§ **Exercise details**: From the line containing "Side view of" to the line containing "The Three Stone" in the records below, set down every line exactly as it stands, both ends included, and skip the pictures.

Recorded data:
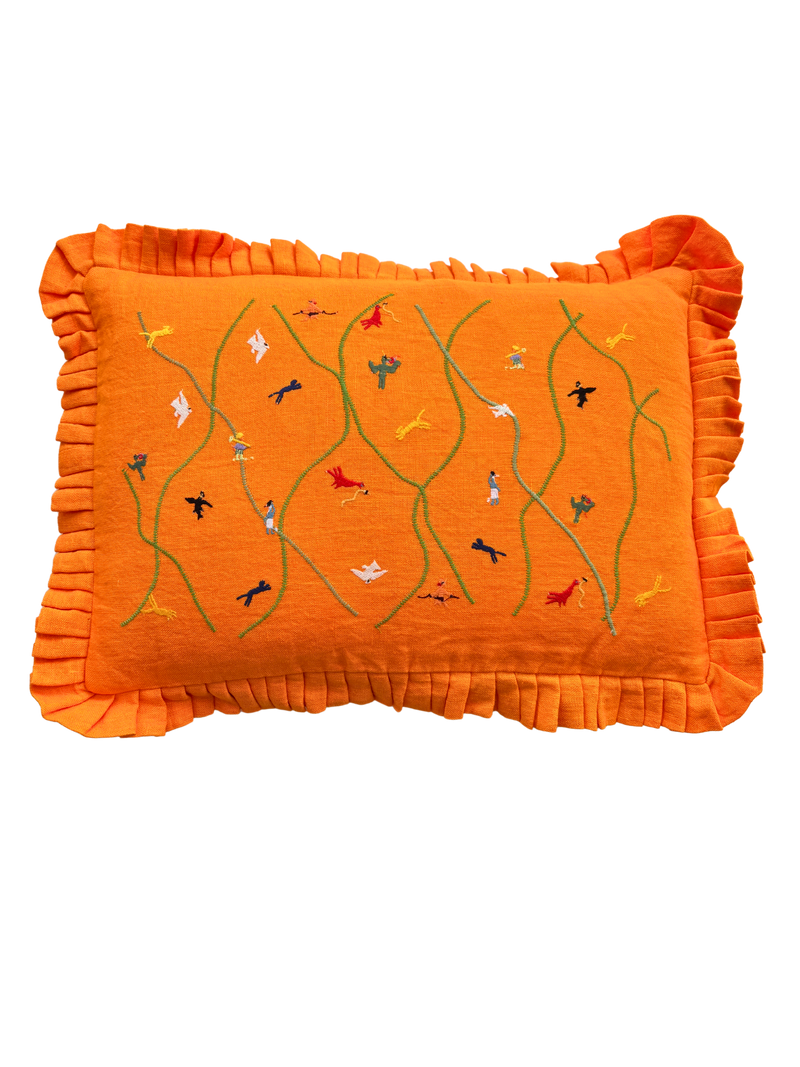 Orange pillow with embroidered designs on a white background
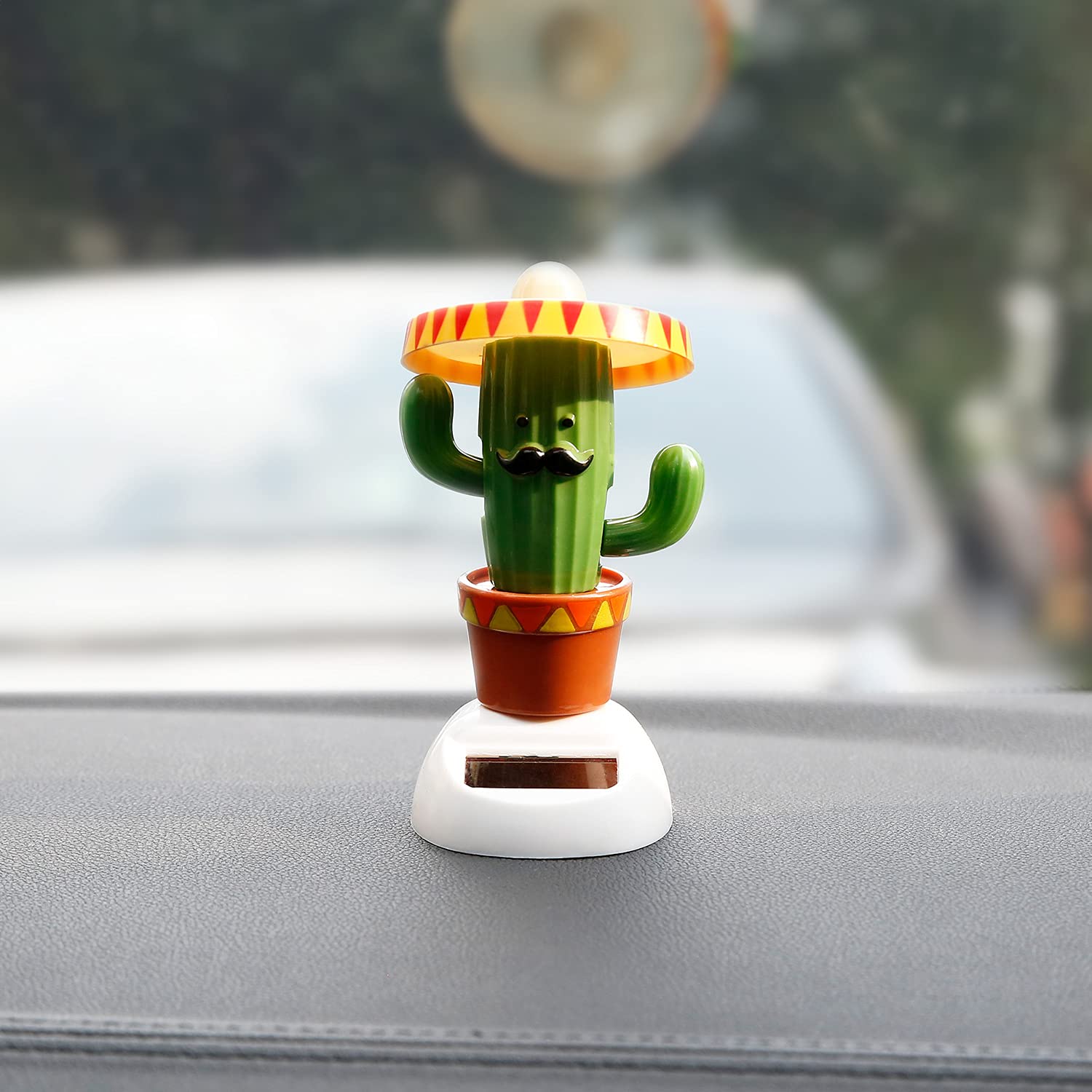 Side view of the solar shaking head green cactus showing the base panel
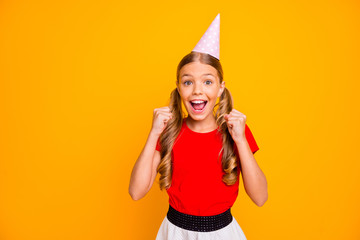 Photo of pretty small lady long tails hairstyle celebrating birthday party good mood raise fists wish open gifts wear paper hat casual red white dress isolated yellow color background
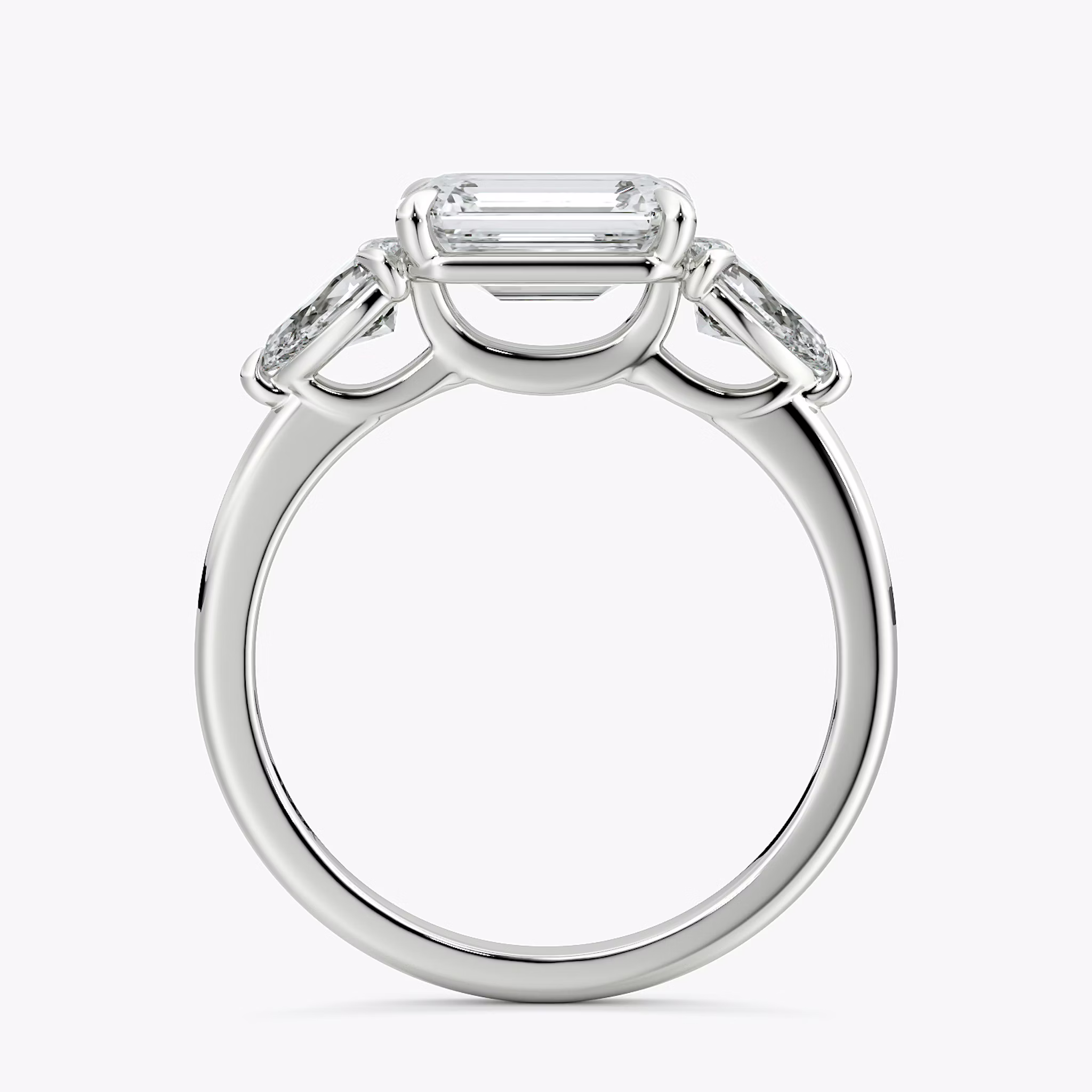 The Three Stone | Emerald | 18k | White Gold | bandAccent: Plain | diamondOrientation: horizontal | sideStoneCarat: 0.25ct | sideStoneShape: Pear | caratWeight: other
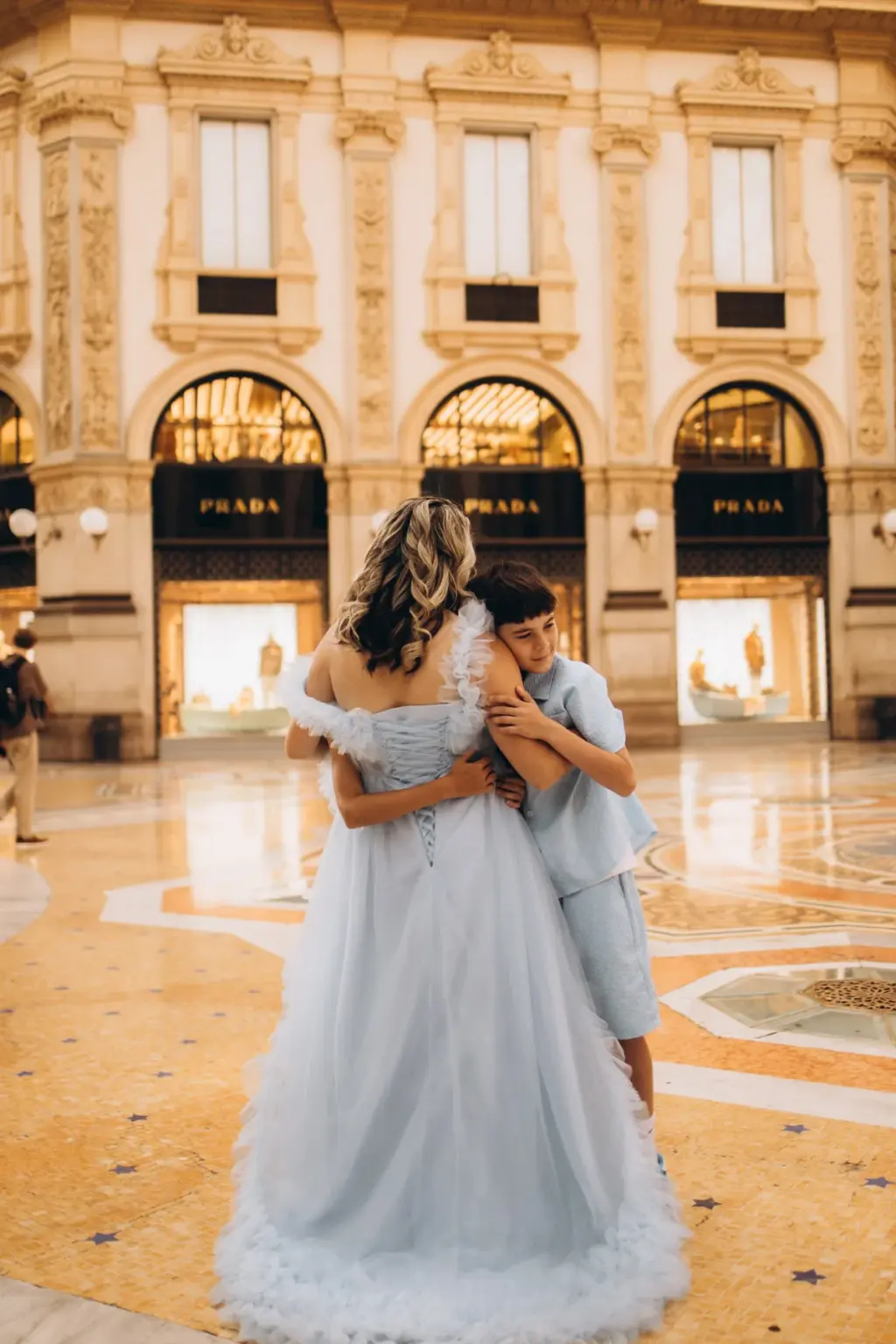 A boy in a light blue shirt hugs his mother from the side as she stands in a pale blue tulle gown on the Galleria's patterned floor.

§ **Reply to the exercise**:
 Side view of the solar shaking head green cactus showing the base panel
 Photo of pretty small lady long tails hairstyle celebrating birthday party good mood raise fists wish open gifts wear paper hat casual red white dress isolated yellow color background
 The Three Stone | Emerald | 18k | White Gold | bandAccent: Plain | diamondOrientation: horizontal | sideStoneCarat: 0.25ct | sideStoneShape: Pear | caratWeight: other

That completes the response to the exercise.